Crawled caption data:
□ □ □

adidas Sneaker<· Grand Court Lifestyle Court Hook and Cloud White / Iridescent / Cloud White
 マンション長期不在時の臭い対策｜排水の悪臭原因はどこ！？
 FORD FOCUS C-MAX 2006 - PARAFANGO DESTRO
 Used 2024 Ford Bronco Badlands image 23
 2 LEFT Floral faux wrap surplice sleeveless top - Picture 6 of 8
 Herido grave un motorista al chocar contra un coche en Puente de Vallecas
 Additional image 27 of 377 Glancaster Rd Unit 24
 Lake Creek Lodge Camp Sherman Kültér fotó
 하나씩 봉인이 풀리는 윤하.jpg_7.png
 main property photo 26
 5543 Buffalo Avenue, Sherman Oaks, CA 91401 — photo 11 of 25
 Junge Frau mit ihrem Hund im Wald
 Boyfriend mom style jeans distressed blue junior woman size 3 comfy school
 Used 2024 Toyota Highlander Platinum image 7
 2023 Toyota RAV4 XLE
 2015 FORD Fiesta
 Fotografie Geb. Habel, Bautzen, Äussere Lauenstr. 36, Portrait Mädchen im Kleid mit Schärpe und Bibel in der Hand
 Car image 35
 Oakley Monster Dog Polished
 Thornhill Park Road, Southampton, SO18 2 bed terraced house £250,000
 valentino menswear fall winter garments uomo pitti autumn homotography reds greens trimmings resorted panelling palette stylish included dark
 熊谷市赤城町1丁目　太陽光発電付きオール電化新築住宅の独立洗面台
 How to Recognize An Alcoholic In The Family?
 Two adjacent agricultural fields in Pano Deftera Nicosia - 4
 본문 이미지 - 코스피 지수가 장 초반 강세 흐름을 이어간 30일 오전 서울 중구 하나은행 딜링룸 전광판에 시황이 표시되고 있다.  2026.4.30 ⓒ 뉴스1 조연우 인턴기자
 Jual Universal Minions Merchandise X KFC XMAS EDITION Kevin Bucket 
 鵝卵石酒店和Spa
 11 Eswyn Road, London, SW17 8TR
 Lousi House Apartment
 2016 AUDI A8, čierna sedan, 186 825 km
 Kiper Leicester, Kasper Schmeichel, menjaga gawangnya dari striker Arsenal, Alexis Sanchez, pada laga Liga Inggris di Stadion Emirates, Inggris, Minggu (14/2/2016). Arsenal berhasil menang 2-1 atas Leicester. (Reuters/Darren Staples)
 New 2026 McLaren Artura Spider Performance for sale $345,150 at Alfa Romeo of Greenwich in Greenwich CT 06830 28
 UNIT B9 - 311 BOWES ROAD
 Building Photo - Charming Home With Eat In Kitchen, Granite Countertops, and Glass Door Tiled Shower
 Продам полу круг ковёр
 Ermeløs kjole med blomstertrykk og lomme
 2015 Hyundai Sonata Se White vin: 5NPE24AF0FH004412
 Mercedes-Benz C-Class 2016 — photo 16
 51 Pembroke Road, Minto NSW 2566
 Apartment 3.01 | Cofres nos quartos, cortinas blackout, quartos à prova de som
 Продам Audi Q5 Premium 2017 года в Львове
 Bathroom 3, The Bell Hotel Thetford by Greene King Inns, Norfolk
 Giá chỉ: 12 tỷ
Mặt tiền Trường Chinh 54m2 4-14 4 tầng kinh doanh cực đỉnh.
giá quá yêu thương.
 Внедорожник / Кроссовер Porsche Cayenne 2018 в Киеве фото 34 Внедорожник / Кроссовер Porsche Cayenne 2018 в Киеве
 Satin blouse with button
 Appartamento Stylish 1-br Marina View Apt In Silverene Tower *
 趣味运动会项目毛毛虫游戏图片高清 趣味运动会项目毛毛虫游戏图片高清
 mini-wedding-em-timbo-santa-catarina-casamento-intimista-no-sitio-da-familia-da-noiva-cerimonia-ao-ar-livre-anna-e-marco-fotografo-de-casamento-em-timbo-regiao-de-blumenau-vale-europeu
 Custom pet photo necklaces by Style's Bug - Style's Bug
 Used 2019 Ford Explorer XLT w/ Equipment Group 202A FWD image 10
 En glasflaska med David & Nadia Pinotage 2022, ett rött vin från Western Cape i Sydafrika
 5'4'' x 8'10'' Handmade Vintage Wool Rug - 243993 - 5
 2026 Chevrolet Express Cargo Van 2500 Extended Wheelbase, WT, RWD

□ □ □

#### [WHAT TO PRODUCE]
Begin with the first line of the data above and, please, print each line exactly until you have printed the line containing "Boyfriend mom style"; print nothing else.

#### [WRITTEN SOLUTION]
adidas Sneaker<· Grand Court Lifestyle Court Hook and Cloud White / Iridescent / Cloud White
 マンション長期不在時の臭い対策｜排水の悪臭原因はどこ！？
 FORD FOCUS C-MAX 2006 - PARAFANGO DESTRO
 Used 2024 Ford Bronco Badlands image 23
 2 LEFT Floral faux wrap surplice sleeveless top - Picture 6 of 8
 Herido grave un motorista al chocar contra un coche en Puente de Vallecas
 Additional image 27 of 377 Glancaster Rd Unit 24
 Lake Creek Lodge Camp Sherman Kültér fotó
 하나씩 봉인이 풀리는 윤하.jpg_7.png
 main property photo 26
 5543 Buffalo Avenue, Sherman Oaks, CA 91401 — photo 11 of 25
 Junge Frau mit ihrem Hund im Wald
 Boyfriend mom style jeans distressed blue junior woman size 3 comfy school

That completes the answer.